As the methods of reproduction change, the recording formats change– and we buy the next container. It’s at this point that you’ll generally hear the complaint that a particular piece of music has been purchased in many formats over the years. But of course, that’s all there is. There is no recorded music outside of the containers in which it’s sold. To hear actual music one would need to attend a performance.
We’re currently seeing the transition from a physical container to the digital container. Suddenly the purchaser owns a master file than can be placed on multiple devices and copied on to material formats like DVD and CD. This radically changes the economics of the entertainment business. The business used to be the production and sale of units. Marketing and distribution were keys to success.
We can see from examples like Google and Facebook that providing the entry and orientation point for the Internet can be highly lucrative. If a user chooses to pass through your site on her way to any and every destination, you can change a small fee for billboards on that road. A small fee combined with the volume of traffic that passes through Google equals a compelling business.
No company or product has emerged that holds an analogous position to recorded entertainment product. The leading contenders are probably Apple’s iTunes, TiVo and probably Amazon. The “recording industry” is busy defending the old model in the courts. This is a classic sign of the end of a business model cycle. Unable to compete in the markets, they turn to the law to encode their models (See buggy whips).
As the container as format moves to the digital, a new container emerges. The player is now the thing. It’s the iPod, the iPhone, the laptop, the television, the car stereo, the satellite radio player that is the other new ground for innovation. Two good examples of this are the Chumby and Dave Winer’s new FlickrFan. The television is a much more flexible output device in the age of HD flat screens, and Chumby is a classic simplification play.
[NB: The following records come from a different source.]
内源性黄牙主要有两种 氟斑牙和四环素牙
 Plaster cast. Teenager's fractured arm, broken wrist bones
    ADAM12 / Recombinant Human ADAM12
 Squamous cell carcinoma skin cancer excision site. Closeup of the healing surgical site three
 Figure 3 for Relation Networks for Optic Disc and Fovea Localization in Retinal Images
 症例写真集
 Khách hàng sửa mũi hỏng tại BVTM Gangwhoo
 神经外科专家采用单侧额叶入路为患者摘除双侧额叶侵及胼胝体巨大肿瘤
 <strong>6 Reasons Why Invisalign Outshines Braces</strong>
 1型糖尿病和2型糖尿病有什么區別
The iPhone and multi-touch creates an almost unlimited platform for software created user interfaces; freed from mechanical user interfaces (KVM) the field is open.
Organizing, curating, editing, programming, sequencing, suggesting, categorizing, collecting on a theme: these are the value propositions in the new landscape. Can it be done algorithmically? Should it be? Amazon often provides comical suggestions based on the attention and gesture data they’ve collected. Steve Gillmor has created an iPhone site that filters news based on sets of selected editors (professional and amateur). Jason Calacanis and Mahalo are attempting to provide curated search results, but maybe search isn’t the thing that people are really looking for. Maybe it’s the curation itself.